We spend approximately 362 of our 365 days looking forward, ploughing ahead towards goals once set, relentless in our pursuit of achieving them before the sounds of Auld Lang Syne ring around us. 

But in the last few days of the year gone by, there’s a shift. Albeit subtle, albeit short. In this shift we turn our gaze backward, diverting our focus from what’s to come and instead taking a moment, or two, perhaps three, to simply consider what has passed. 

This year, like every other, has rushed by in a hurry. At times I’ve run with it, competitively challenging it to beat me. How I wish I’d known that beating Time is simply losing it. 

It has also been slow, testing my patience and proving it to be a virtue I’m still yet to obtain. The unhurried-drip of progress has, many a time, frustrated, deflated and berated me. And yet, I wonder how different I’ll feel when hindsight makes a fool out of my restlessness as it so often does.

It has been a year of growth, a year of sitting in the discomfort of said growth and discovering that resilience is never built in the ‘right’ conditions. 

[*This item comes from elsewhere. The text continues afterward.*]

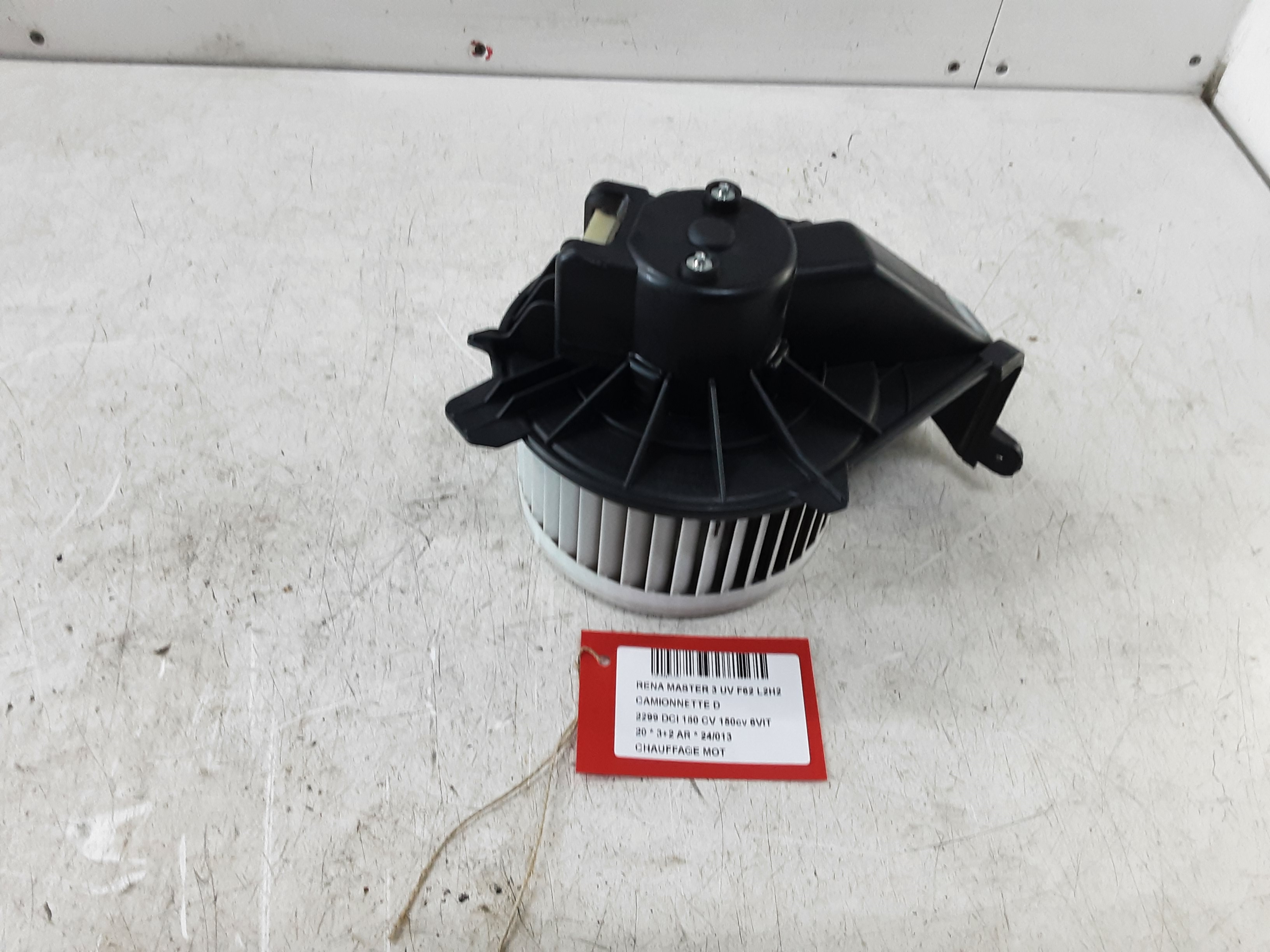 MOTEUR DE CHAUFFAGE Renault MASTER 8/19+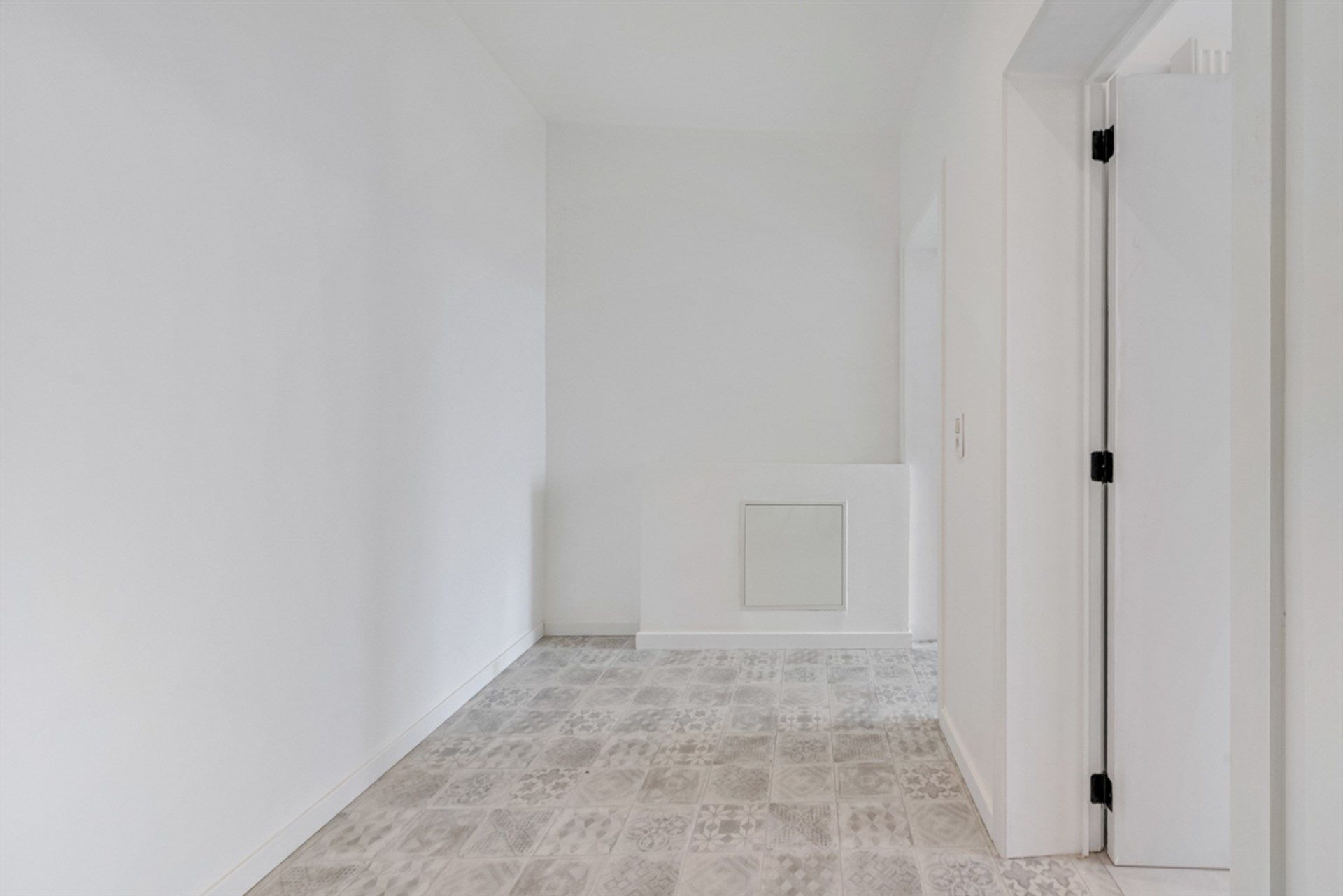 Instapklaar en volledig vernieuwd appartement met ruim terras in het hart van de stad foto 11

It has been a year of pain, a year of facing fears and learning that even broken hearts keep beating. 

It has been a year of joy, a year of finding the most beautiful treasures in the most unexpected things, people, places. 

I’ve learnt, loved and lost.

I’ve cried a lot, for a lot—sad tears, happy tears, not-sure-why tears. 

I’ve made little changes and big decisions, discovering there is value in both the small and the significant.

I’ve met new people, fostered new friendships, and found the gift of sharing life with those who choose to share theirs too.

I’ve gained so much more than a few words on a page could contain. Thank goodness the heart and mind are more spacious.

As the days on the calendar dissolve into a new page, a new beginning, a new year—instead of setting expectations that, each year, inevitably reveal themselves as unrealistic and extreme, I’m choosing to begin 2024 with a reminder. Not a resolution or a goal, not a plan nor a promise. As the year to come surely passes in the blink of an eye, just as quickly as it arrived, I want only to hold on to the reminder of the lessons this year has brought. 

I want to remember to pause when rest is needed (as it often is), run when the race requires it (both its marathons and its sprints), hold on even when it’s hard (as it will sometimes certainly be), stop overthinking (everything), prioritise the people who matter (and show them that they do), let go of the things that don’t (there’s a lot of those), stay the path when it twists and turns (I have no doubt it will), not feel so afraid when it does (though this might require some grit), live with more vigour (because this life really is too precious to waste), and love with more life (because shouldn’t love deserve our best?). 

Who the heck knows what this next year will hold—I certainly don’t. But whatever it brings with it, I hope that I choose to hold it carefully, remembering that it too shall pass and I don’t want to miss it.